** Opening Data for this exercise block **

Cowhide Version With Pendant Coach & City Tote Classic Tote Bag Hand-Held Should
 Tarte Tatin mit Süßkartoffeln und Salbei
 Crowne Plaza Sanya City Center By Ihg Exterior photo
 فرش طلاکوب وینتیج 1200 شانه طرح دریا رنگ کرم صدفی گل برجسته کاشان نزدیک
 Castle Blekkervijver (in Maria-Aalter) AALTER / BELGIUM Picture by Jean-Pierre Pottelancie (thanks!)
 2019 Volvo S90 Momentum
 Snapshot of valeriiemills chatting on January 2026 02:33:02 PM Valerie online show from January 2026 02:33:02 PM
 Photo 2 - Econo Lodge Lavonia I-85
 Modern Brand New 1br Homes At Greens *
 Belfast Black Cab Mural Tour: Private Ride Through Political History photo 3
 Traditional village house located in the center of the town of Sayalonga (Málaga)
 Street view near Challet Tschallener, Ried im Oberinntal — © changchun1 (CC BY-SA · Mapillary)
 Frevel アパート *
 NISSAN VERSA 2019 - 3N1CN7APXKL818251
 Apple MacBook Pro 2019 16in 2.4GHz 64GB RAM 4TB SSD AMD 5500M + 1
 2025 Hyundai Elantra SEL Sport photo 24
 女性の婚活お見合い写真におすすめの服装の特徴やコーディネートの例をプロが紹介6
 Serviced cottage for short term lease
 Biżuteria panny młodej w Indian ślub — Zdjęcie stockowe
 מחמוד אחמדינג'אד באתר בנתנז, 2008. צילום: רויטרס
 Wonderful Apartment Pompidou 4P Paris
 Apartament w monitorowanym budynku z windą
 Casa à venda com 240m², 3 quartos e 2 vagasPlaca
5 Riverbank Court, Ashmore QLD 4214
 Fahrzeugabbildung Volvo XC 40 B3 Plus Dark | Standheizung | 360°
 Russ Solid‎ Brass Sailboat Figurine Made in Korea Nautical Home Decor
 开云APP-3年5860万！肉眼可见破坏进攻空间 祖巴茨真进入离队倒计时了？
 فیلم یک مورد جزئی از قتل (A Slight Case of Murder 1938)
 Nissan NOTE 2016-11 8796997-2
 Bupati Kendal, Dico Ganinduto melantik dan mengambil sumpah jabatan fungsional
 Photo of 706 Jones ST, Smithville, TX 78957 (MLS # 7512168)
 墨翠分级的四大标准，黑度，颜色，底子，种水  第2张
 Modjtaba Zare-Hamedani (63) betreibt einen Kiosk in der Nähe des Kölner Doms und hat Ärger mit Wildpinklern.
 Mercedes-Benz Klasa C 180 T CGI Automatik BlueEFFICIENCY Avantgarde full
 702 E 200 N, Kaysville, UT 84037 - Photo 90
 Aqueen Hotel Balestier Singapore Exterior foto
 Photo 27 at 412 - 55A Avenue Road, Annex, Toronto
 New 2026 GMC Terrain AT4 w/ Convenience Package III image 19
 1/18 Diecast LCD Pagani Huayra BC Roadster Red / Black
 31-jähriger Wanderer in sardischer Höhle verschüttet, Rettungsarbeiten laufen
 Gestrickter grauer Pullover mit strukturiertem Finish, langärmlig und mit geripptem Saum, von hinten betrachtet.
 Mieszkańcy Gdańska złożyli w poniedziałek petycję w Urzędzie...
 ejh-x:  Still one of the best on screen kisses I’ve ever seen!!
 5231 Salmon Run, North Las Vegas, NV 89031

** Closing Data for this exercise block **

Task statement -
Using the records above, please repeat the line with "I’ve ever seen!!" and every line after it exactly, and give no other text.

Answer area -
 ejh-x:  Still one of the best on screen kisses I’ve ever seen!!
 5231 Salmon Run, North Las Vegas, NV 89031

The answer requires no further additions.